Selon l'article 1351 du Code civil, l'autorité de la chose jugée est relative et elle suppose la réunion de trois identités d'objet, de cause et de parties. Les annulations pour excès de pouvoir ont, en effet, un caractère absolu en raison du caractère objectif de ce contentieux. L'annulation qui est rétroactive, intervient à l'égard de tous, c'est-à-dire que l'acte est retiré de l'ordonnance­ment juridique et considéré comme n'étant jamais intervenu,

La solution est différente au plein contentieux dès lors que, comme il est de principe, l'autorité de la chose jugée n'est que relative. L'exception de chose jugée reste alors possible pour autant qu'une partie à l'instance s'en prévale dans les conditions du droit commun, c'est-à-dire dans le délai du recours contentieux ou après l'expiration de ce délai, et alors dans le cadre d'une cause juridique déjà ouverte en temps utile. Au demeurant, cette exception de chose jugée est, en réalité, une simple exception d'illégalité tout simplement parce que l'autorité qui s'attache à la chose jugée constitue un élément de la légalité que ne saurait régulièrement méconnaître ni l'administration active ni la juridiction administrative.

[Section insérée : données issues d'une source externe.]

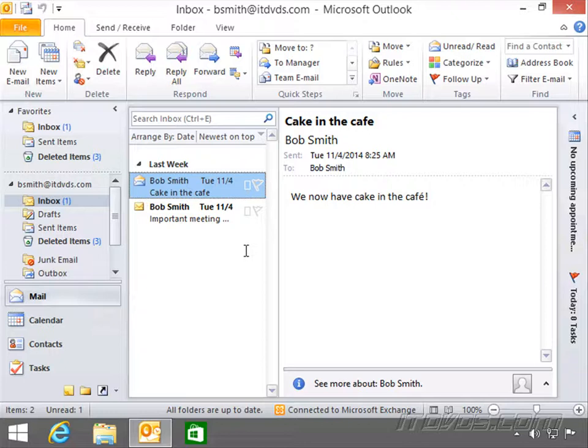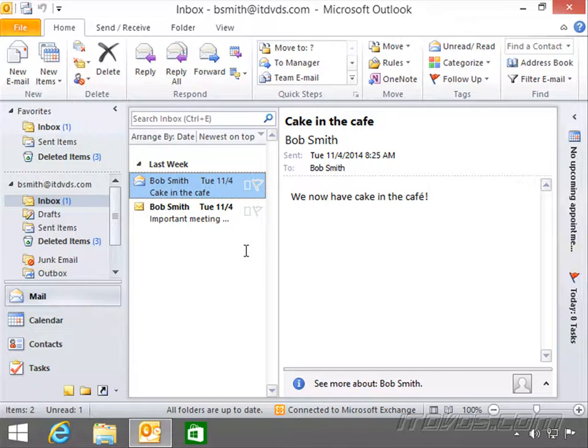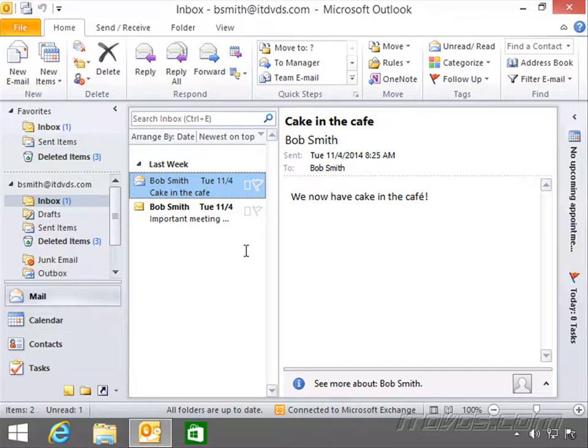So, Active Directory is necessary for Exchange Server 2013. Because of that, if you aren't familiar with Active Directory, I definitely recommend going to the Windows Server 2012 R2 Administration Training Basics on itdvds.com. There's a section in there on Active Directory that we definitely want to go over to get a good foundation of Active Directory so that we can work with Exchange.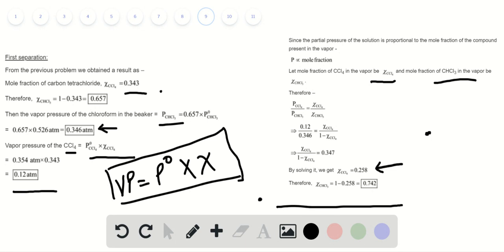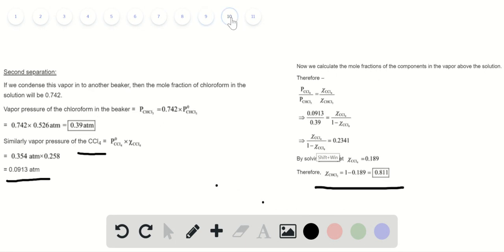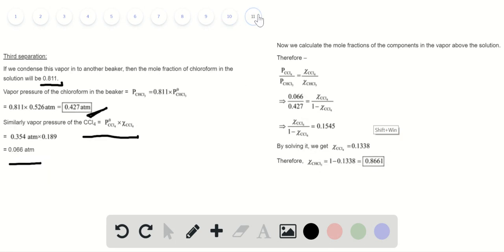For the second separation, using the same formula, we can determine the vapor pressure of chloroform and carbon tetrachloride, which turns out to be 0.39 atm and 0.0913 atm respectively. We then calculate the mole fraction of each component in the vapor above the solution, giving a mole fraction of CCl4 of 0.189 and CHCl3 of 0.811.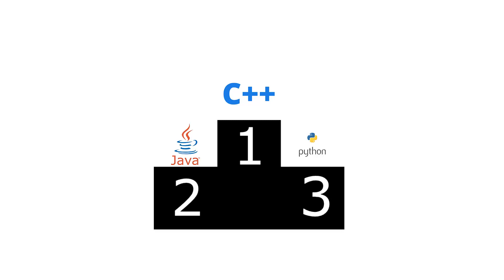So, winner is C++, second is Java and third one is Python.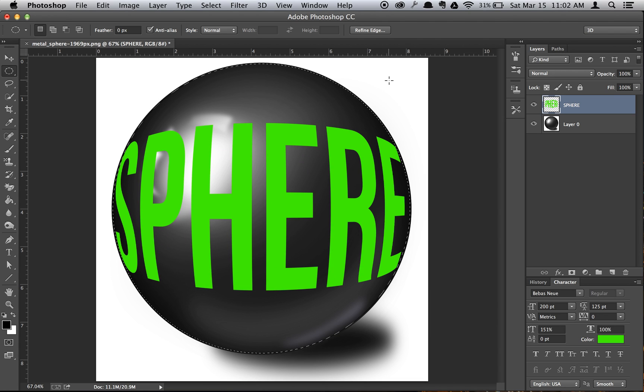And as you see, the text is now wrapped around the sphere. Just do Command-D to delete the selection, and now you see it looks very, very realistic.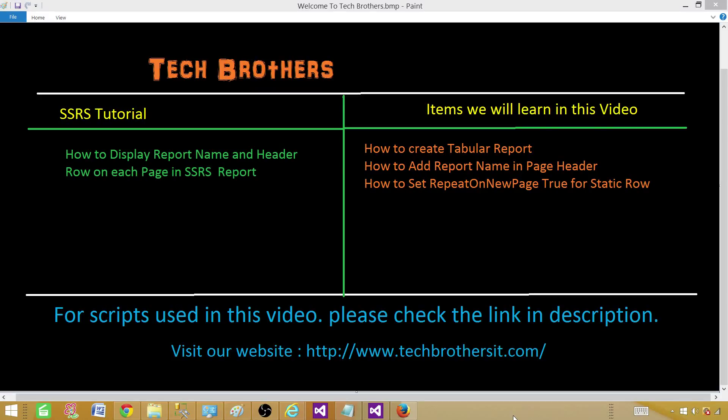Welcome to Tech Brothers with Amir. Today we are going to learn how to display a report name and header row on each page in SSRS. By default, when we create a report, it does not display the report name and header row on each page, so let's go and take a look.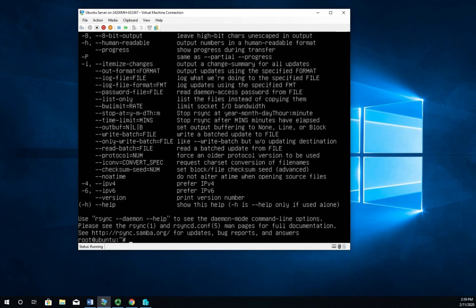So spend some time with rsync, look through some of the help information, look through the command pages and get familiar with it because it is a very very useful tool.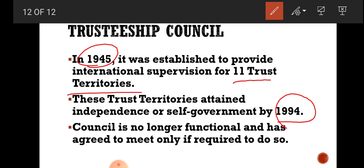It was decided that if the Trusteeship Council is ever needed again, its functioning will resume. But at present, it is not active.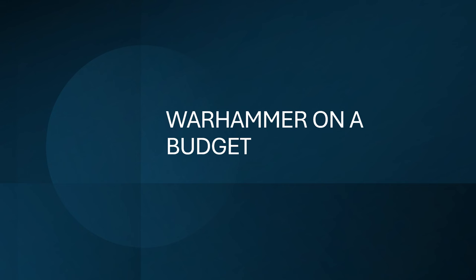Hey, what's up nerds? It's Paul at Radio Free Hammer Hall. Today I'm going to talk about Warhammer on a Budget.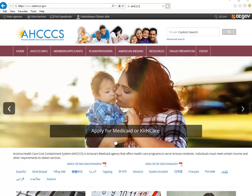Welcome to Arizona Healthcare Cost Containment System's website. We are also known by our acronym ACCESS. Our website is available 24 hours a day, seven days a week, and contains an abundance of information for both members and providers.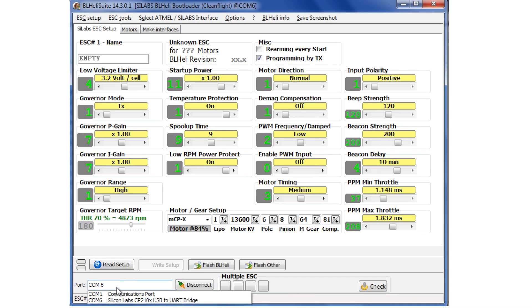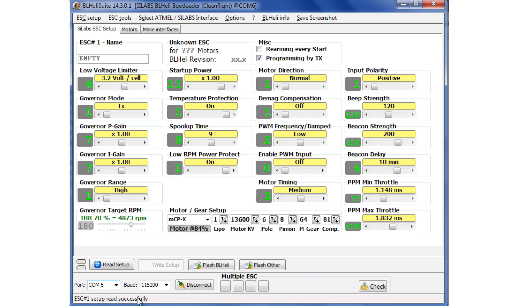But if we look at the COM port, the system has detected that COM6 is the Sylabs driver, so we just grab that, and by hitting Connect it's already connected by itself.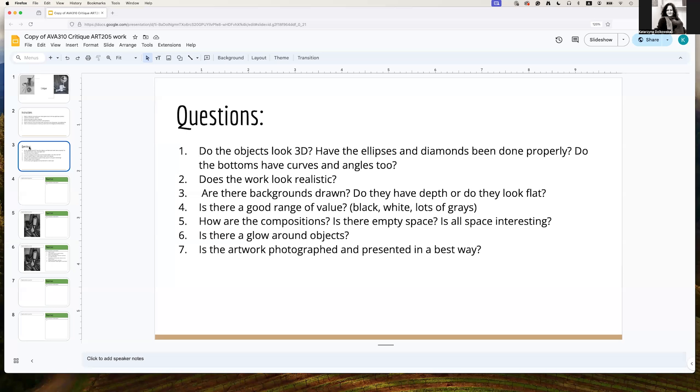How about the composition? Is there an empty space? Is there space interesting in the whole work? Is there a glow around the objects? Like a background that wasn't drawn properly close to the objects? And is the work photographed in a really good way?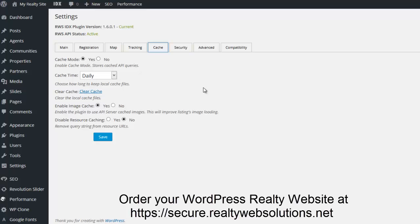By default, we enable cache mode. We don't recommend disabling cache mode. Cache mode will improve the performance of the website, performing search queries and grabbing listing data. I recommend just leaving it to the settings that are already here.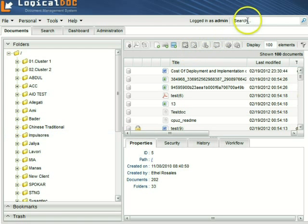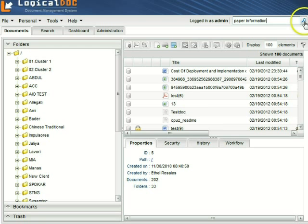On the upper right corner, a quick search box is always available. Here you can put a search expression.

L'incidence de cette distinction est d'ailleurs immédiate sur la renonciation à la chose jugée qui est sans effet dans le contentieux de l'excès de pouvoir alors qu'elle est opposable à son auteur dans le plein contentieux.

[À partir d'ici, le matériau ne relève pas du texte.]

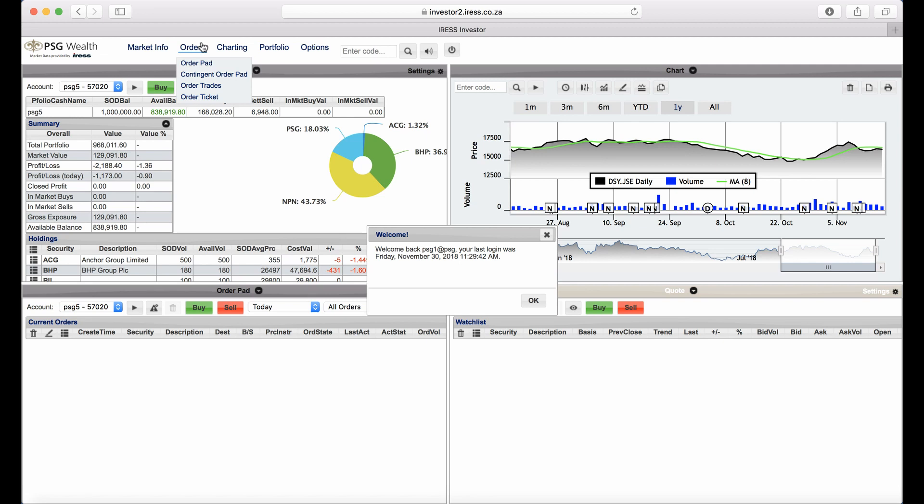This is where your stop-loss orders will reside, for example. Your Order Trades provide you with current and historical trade information. The Order Ticket gives you a standalone order ticket within a frame.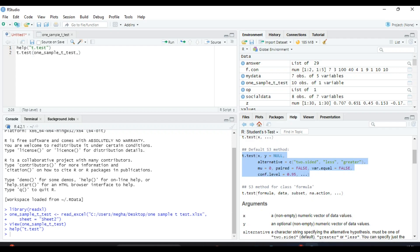Now put a comma. Since it is one sample, we will not give a y value. Then alternative - that means alternative hypothesis. It can take three values: two.sided, less, or greater, depending on our alternative hypothesis. Here our alternative hypothesis is the machine has not been installed properly, that means it is a two-sided hypothesis.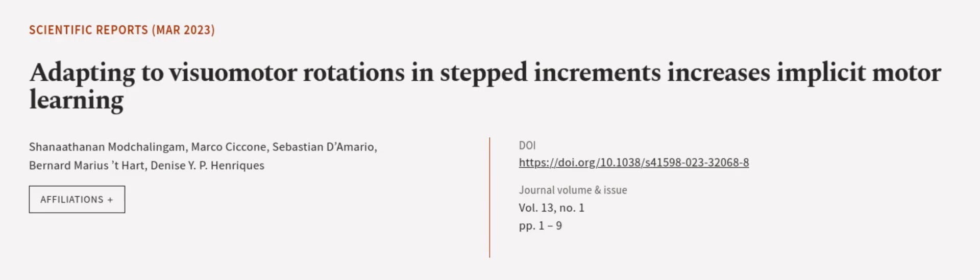This article was authored by Shanathan Modchalingam, Marco Ciccone, Sebastian D'Amario, and others. We are article.tv, links in the description below.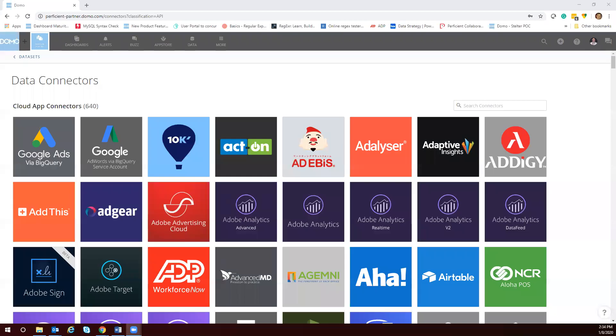Hey I'm Matt Newsome. Thanks for joining me in my second video on Domo. Today I'm in Domo's data connectors. Let's see how quickly we can get some data into Domo and build some visualizations on it.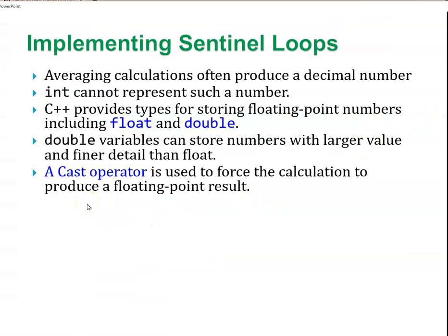Averaging calculations often produce a decimal number. Int cannot represent such a number. C++ provides types for storing floating point numbers, including float and double. Double variables can store values with larger numbers and finer details than floats, so you almost always use double. A cast operator is used to force the calculation to produce a floating point result.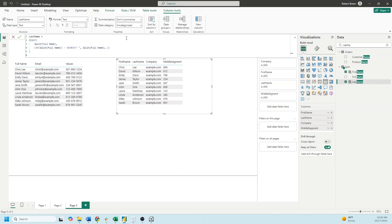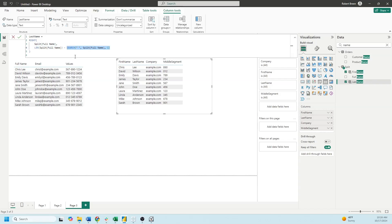Next we'll split the last name. In this case we're not using a left, we're using a right function instead because we want the right side.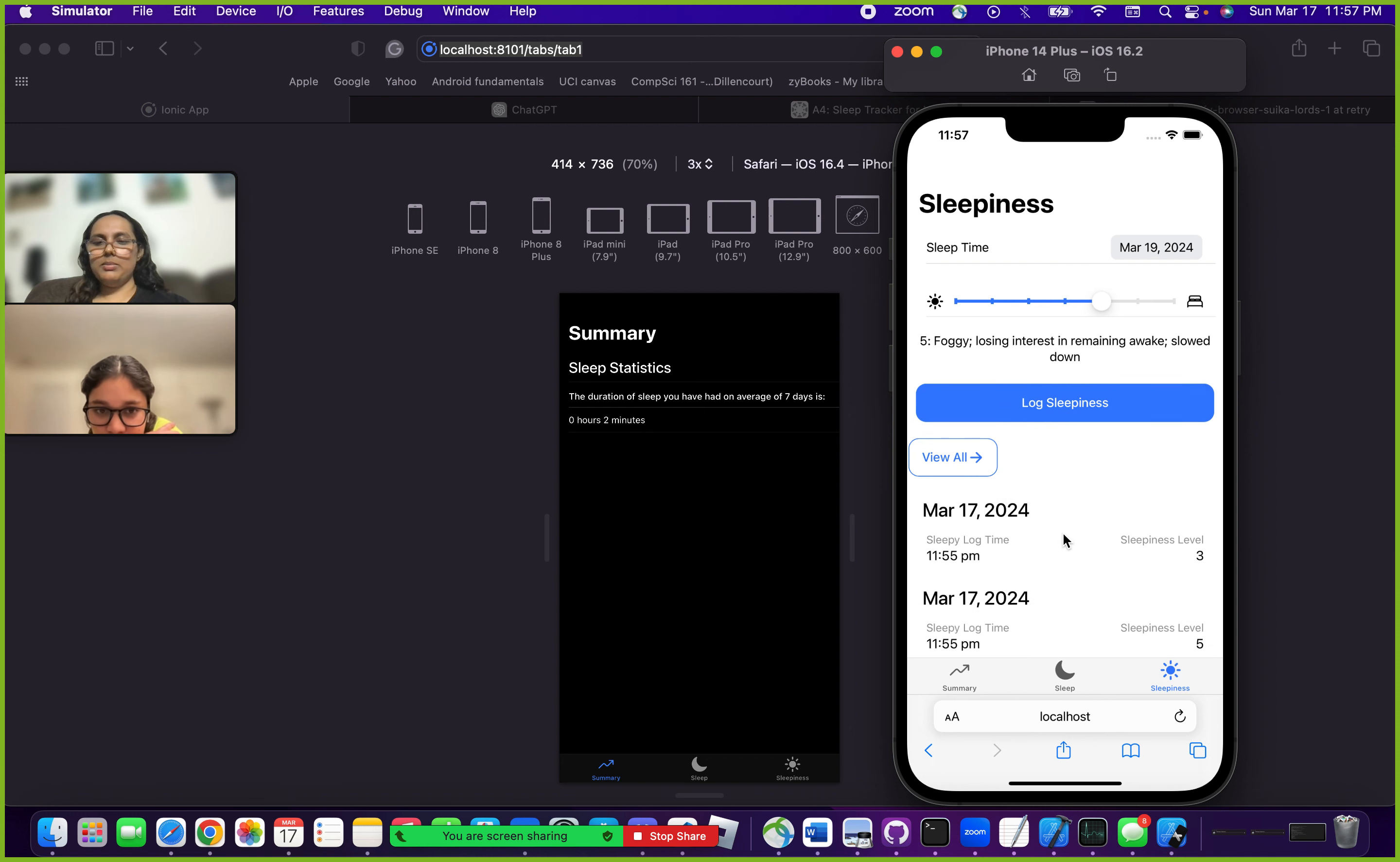Since it's at the same time right now, it's going to show 11:55. But during the day you can keep coming back to this tab and do it multiple times, and it's going to record the time that you change it to, like a log history.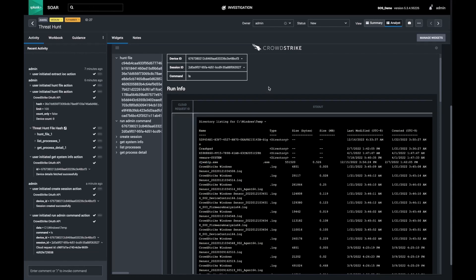With this brief demo for threat hunting, we've built a playbook to hunt IOCs, found hits in our environment, learned the details of the affected machine, and even opened a session to explore the file system. Thank you for watching this presentation of threat hunts and investigations using the Splunk SOAR product.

On notera néanmoins que le contentieux administratif a mis en place une procédure rarement utilisée qui permet théoriquement de pourvoir à l'exécution par les ministres de la décision de justice administrative revêtue de l'autorité absolue ou relative de la chose jugée « Lorsqu'une juridiction administrative a annulé pour excès de pouvoir un acte administratif ou, dans un litige de pleine juridiction a rejeté tout ou partie des conclusions présentées en défense par une collectivité publique, les ministres intéres­sés ont la faculté de demander au conseil d'État d'éclairer l'Administration sur les modalités d'exécution de la décision de justice ».

Il s'agit là d'une procédure, située en dehors de l'astreinte et centrée sur le Conseil d'État en formation administrative et, plus précisément, sur la section du rapport et des études qui révèle à la fois la prééminence du Conseil d'État dans le contentieux administratif et la confusion, au sein de la Haute Assemblée, entre la juridiction et la consultation pour l'action.

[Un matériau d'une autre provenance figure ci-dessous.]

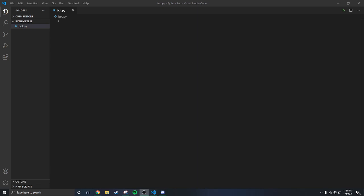First, if you don't have Visual Studio Code, I will put the download link in my description so you can code your bot. You can use other things like Atom, it doesn't matter, but I use Visual Studio Code because it's easy.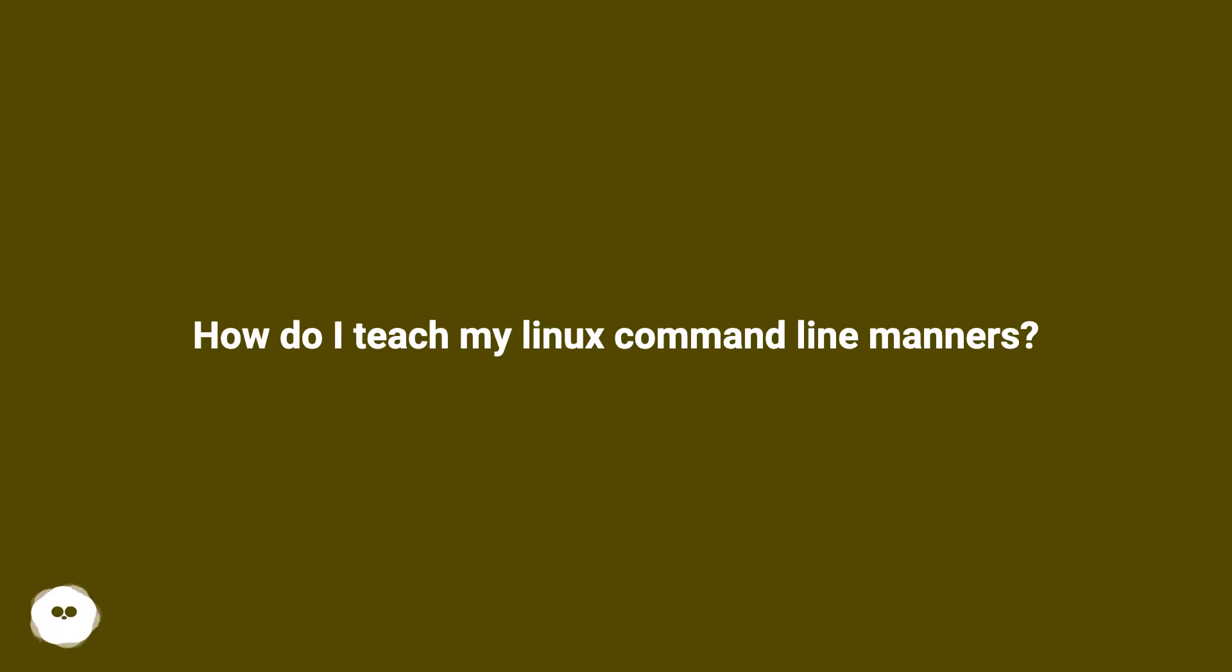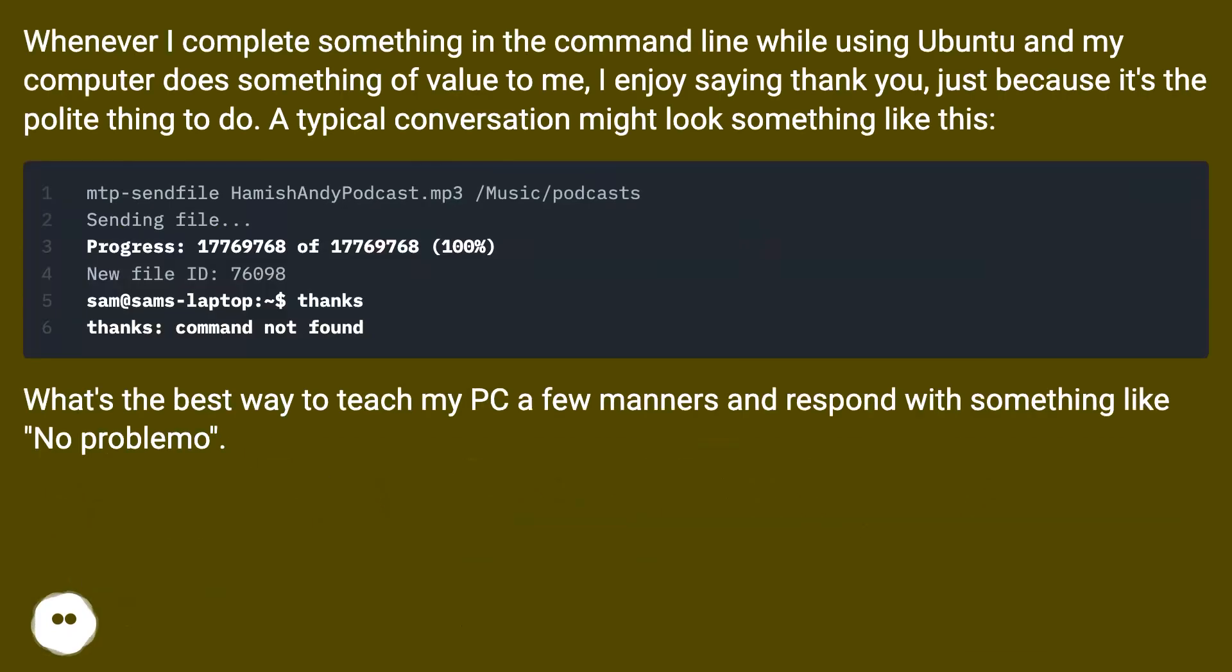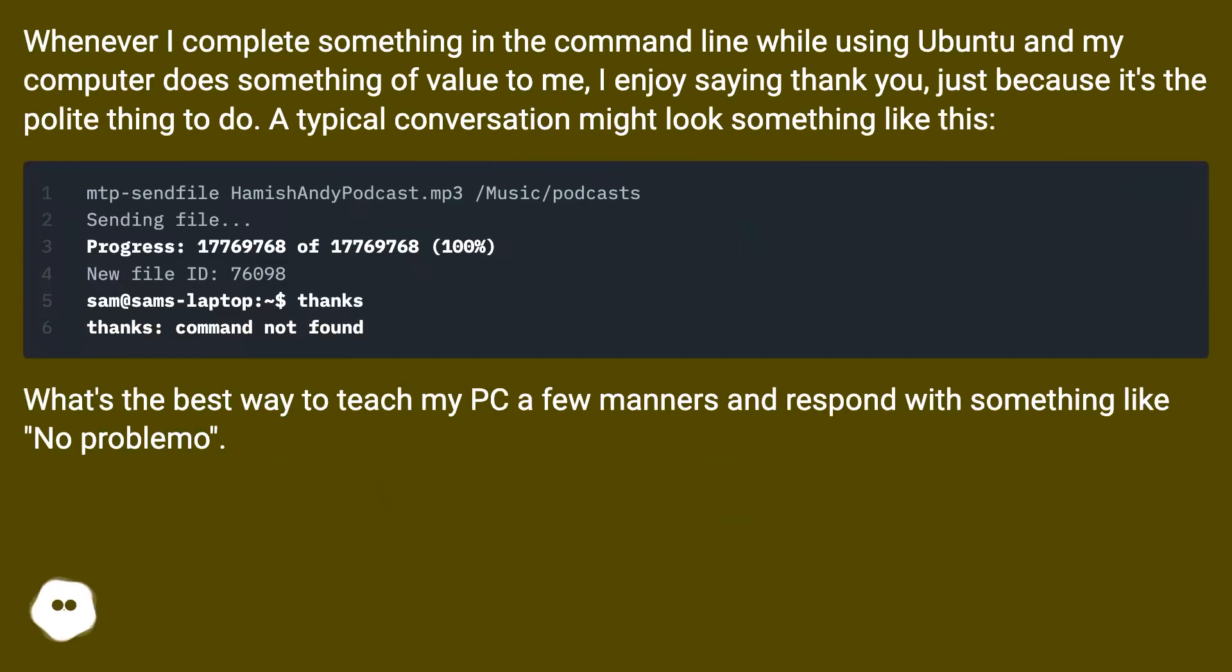How do I teach my Linux command line manners? Whenever I complete something in the command line while using Ubuntu and my computer does something of value to me, I enjoy saying thank you, just because it's the polite thing to do.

Cependant, si, eu égard à leur caractère provisoire, les décisions du juge des référés n'ont pas, au principal, l'autorité de la chose jugée, elles sont néanmoins exécutoires et obligatoires.

Par exemple lorsque le juge des référés a prononcé la suspension d'une décision et qu'il n'a pas été mis fin à cette suspension, l'administration ne saurait légalement reprendre une même décision sans qu'il ait été remédié au vice que le juge des référés avait pris en considération pour prononcer la suspension 865

Notes
865.

C.E., sect., 5 novembre 2003, Association convention vie et nature pour une écologie radicale et Association pour la protection des animaux sauvages, req., n° 259339, 253706 et 259751, inédit.